I liken this to the adolescent need to learn the shape of her or his Self; to step out from the shadow of the parent's tree in order to stand strong, independent, and to gain enough 'sun' or light of consciousness, to send down sure, stable, certain and individual roots. The child cannot reject the parent - the psyche will never allow it a- and so the child challenges the parent, torments, hurts, attacks the parent, so the parent will push the child away. In time the child as adult can and should return, but the original breaking away must be done by the parent for it is the parent who has the power; the parent who will always have the greater power. The parent, or anyone in your life who has been 'given' that role by you, consciously or unconsciously, will always have a greater capacity to hurt the 'child.' It is the nature of the dynamic.

And so it is with relationships. When we love it is because we are drawn together as Souls - whether familial or friend. And when someone we love, demonstrates, for it is often demonstration in the beginning in subtle ways, by a word, or lack of word, by an expression or lack of expression, by an act or lack of an act, that somehow they are not comfortable with us in their world or they are not comfortable in our world, then so is beginning the process of disconnection which the Soul and Psyche require for their journey of becoming.

The first 'signs' are akin to those of someone who begins to talk about taking a journey far away. This may not be a modern journey where technology allows communication to continue wherever they might travel, but more like a journey of old where a loved one sailed away to distant lands and might never be seen or heard from again - or where occasional 'words' came back from them or others, that they were still 'alive' and had thought of you.

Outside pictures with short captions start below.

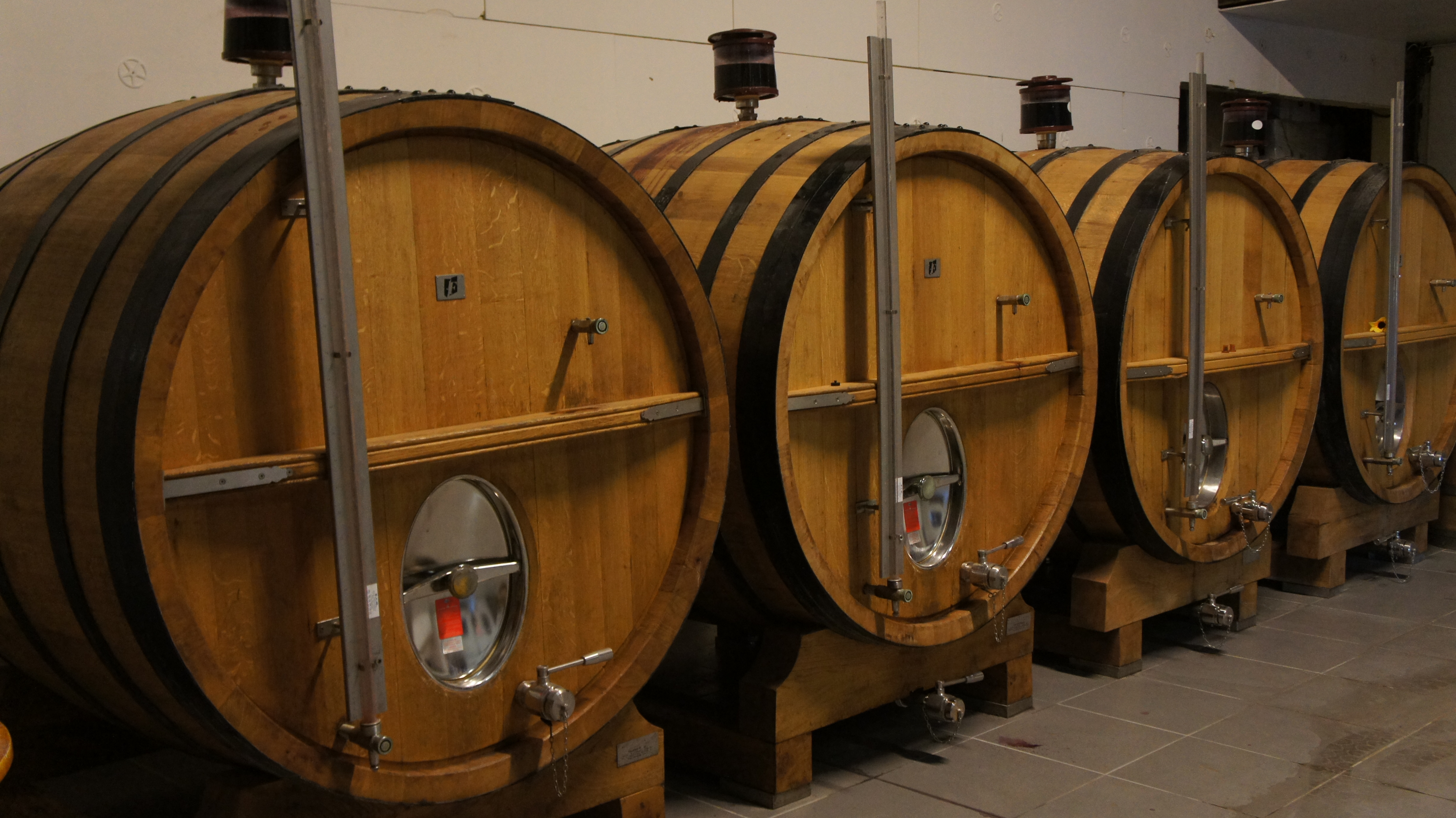 Les foudres en bois dans la cave du Château Mandagot
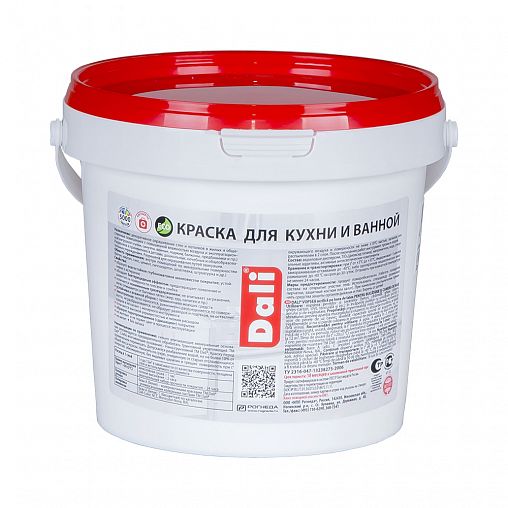 Краска для кухни и ванной Dali, латексная, глубокоматовая, база A, супербелая, 0,9 л фото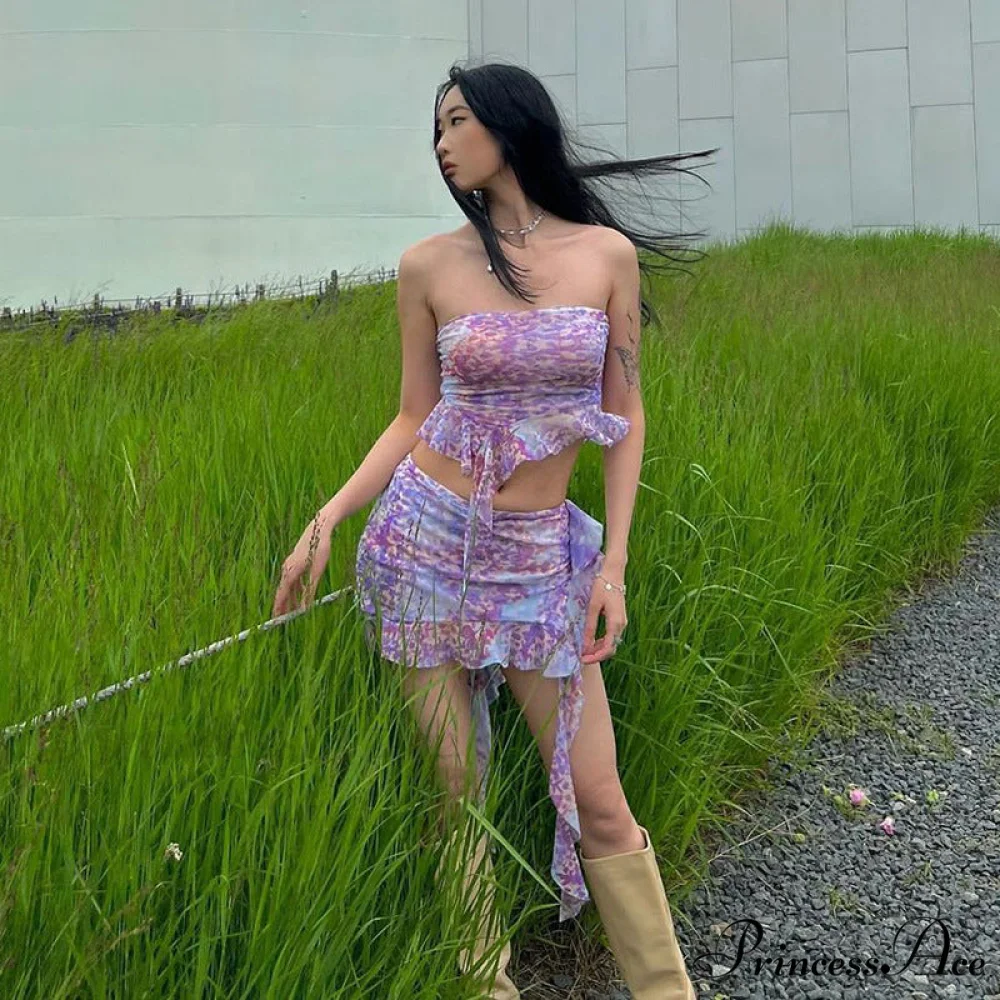 Purple Printed Frill Tube Top Trendy And Mini Skirt Two Piece Set - Image 9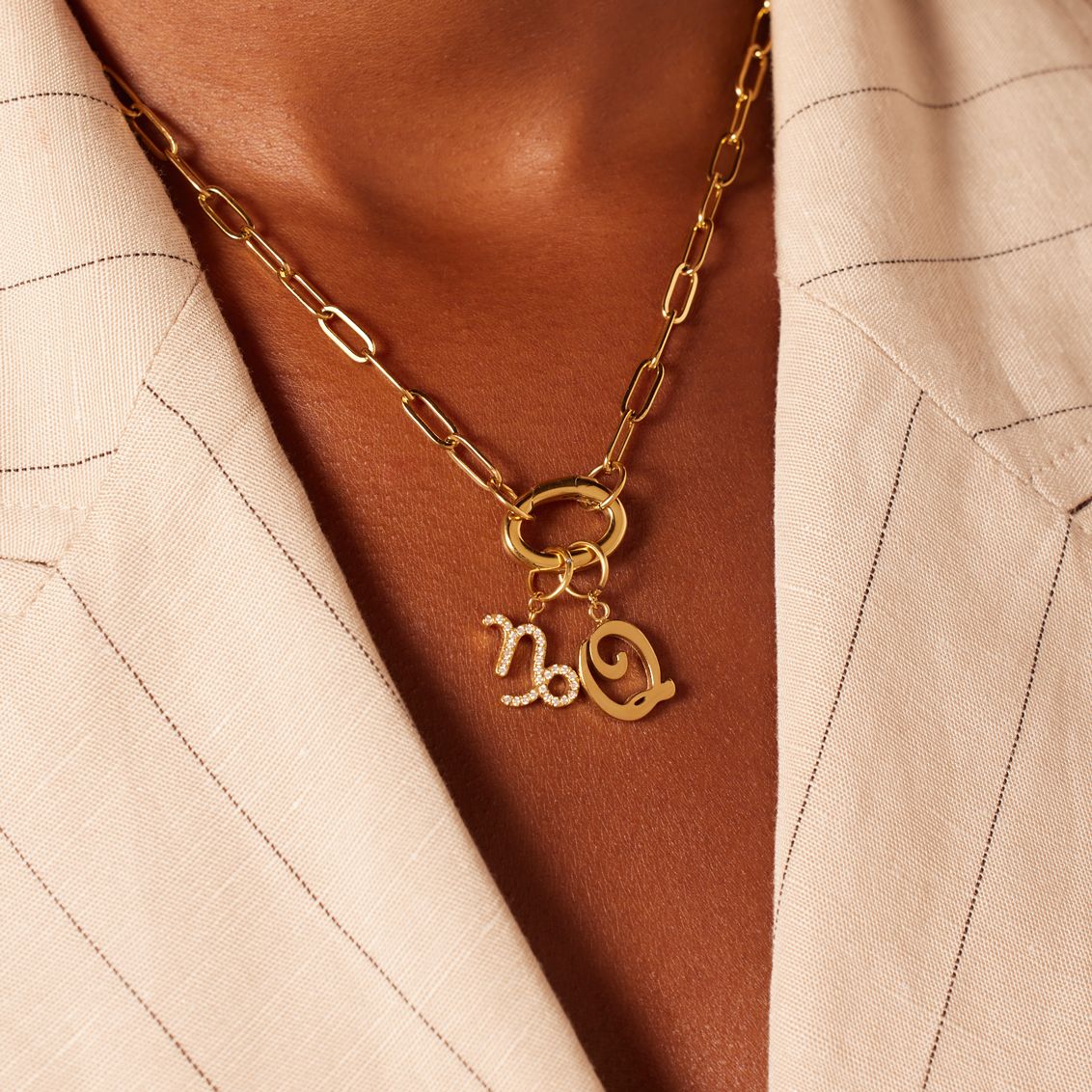 Stalen goldplated bedel steenbok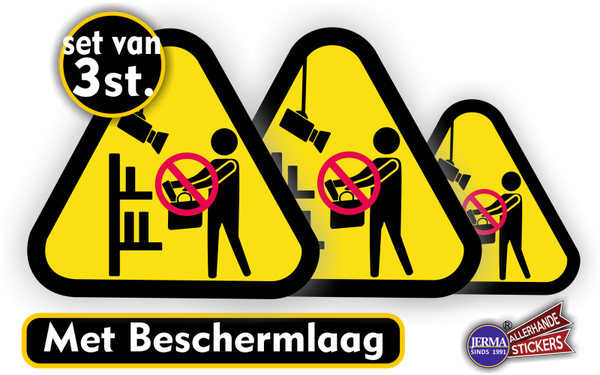 Winkeldiefstal 3 camera toezicht stickers (1220.59)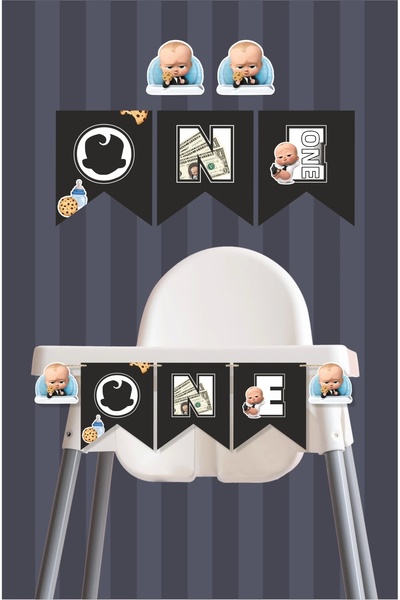 Markasız ucuz Boss Baby Themed One Banner *Thick Paper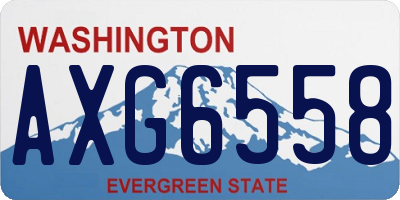 WA license plate AXG6558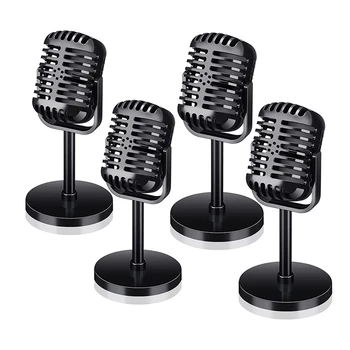 4шт Ретро-реквизит для микрофона, модель винтажного микрофона, антикварный игрушечный микрофон, декор сценического столика, черный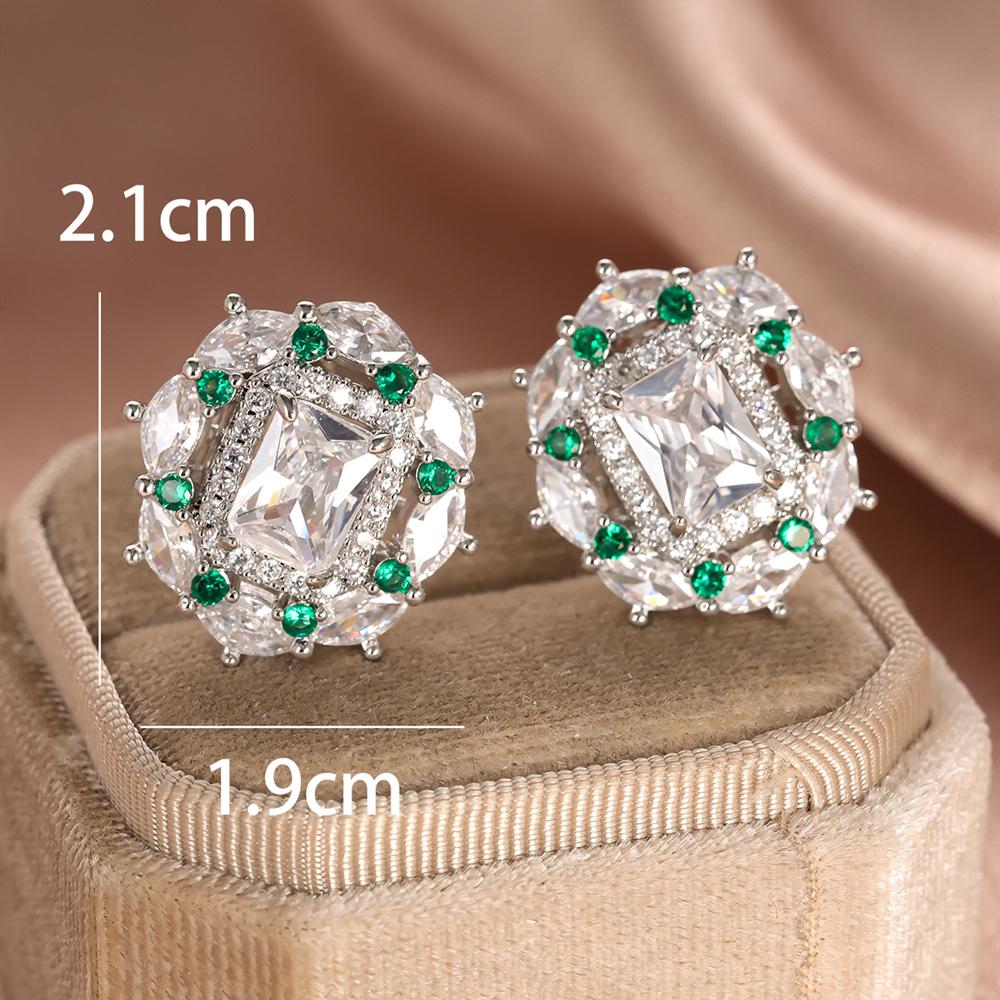 Silver Color Square Geometric White Cubic Zirconia Drop Earrings for Women Wedding Accessories Daily Fine Jewelry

It is when the 'ticket' for this journey is purchased that the one who is 'left behind' must accept the inevitable and take a deep, grieving breath to wish them good voyage, safe travel and farewell. The 'ticket' for such a journey usually comes in the shape of anger or even rage. They fear we will hold them back; they fear our power over them and just as the last dying breaths will be held off until we give them permission to 'leave' so too, in such times of 'death and rebirth' we need to let go; to accept the inevitable no matter how much it sears our heart and wreaks havoc with our mind.

For they are being called to 'distant lands' within; places where we may not travel. We cannot go with them. We may not even know where they are going, when or if they get there, nor what they find if they do arrive safely. We may never 'see' or 'hear' from them again.

Just as our ancestors watched their loved ones sail on oceans of tears in order to 'make a better life for themselves' in a material sense, so too, are most of us called, at some time or another, to do the same in a spiritual sense. For that journey to Self is a spiritual journey and some are drawn or called to it more than others.

We can only 'see' the shape of ourselves when we are alone and unconsciously that is what we will be driven to achieve. What holds us back more than anything is 'love' or those bonds of connection which we fear, unconsciously, will keep us trapped and beholden. They have no need to of course, but for some, the fear is so great, that breaking free is the only option.

You can only ever prepare yourself for their journey and do what you can to prepare them, if they should wish it, and then accept that they have gone and only the breath of prayers and the eternal drape of your invisible love will go with them.

To 'sail' beyond the bounds of the 'known world' still happens, but it is done within the mythic realms of psyche and often will require a physical demonstration of their commitment to the Path - they will 'leave' and the only comfort is knowing that they must!